• WORK INSTRUCTION
Given the entries that follow, write out exactly the lines starting at the one containing "150 Shady Ln, Bartlett, IL, 60103-4532" and ending at the one containing "Load image into", both ends included, and only those.

• SUPPLIED RECORDS

Content starts

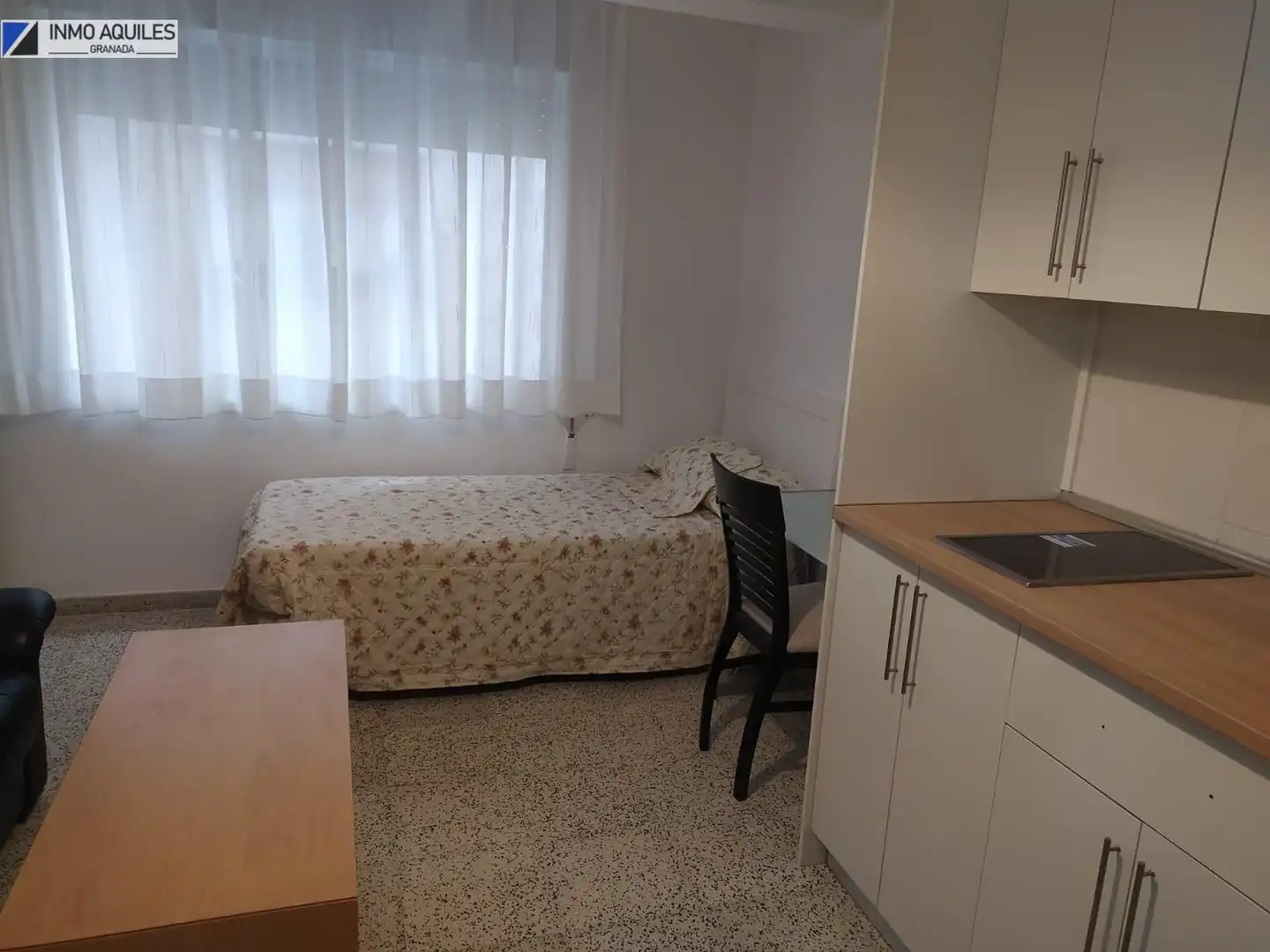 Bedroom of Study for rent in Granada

Content ends
Content starts

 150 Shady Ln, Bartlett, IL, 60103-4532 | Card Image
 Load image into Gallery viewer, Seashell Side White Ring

Content ends
Content starts

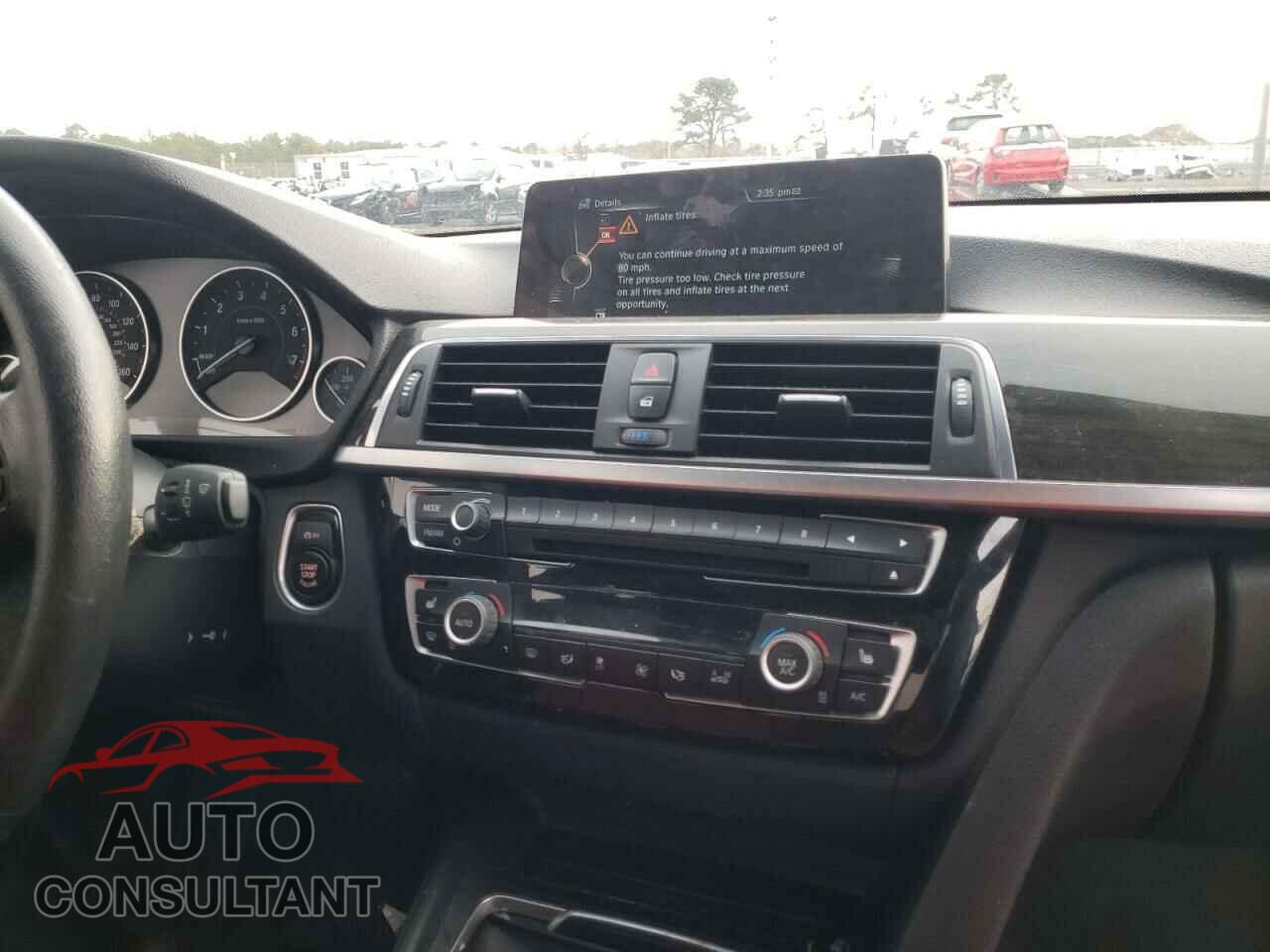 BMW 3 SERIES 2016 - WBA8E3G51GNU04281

Content ends

• TASK SOLUTION
 150 Shady Ln, Bartlett, IL, 60103-4532 | Card Image
 Load image into Gallery viewer, Seashell Side White Ring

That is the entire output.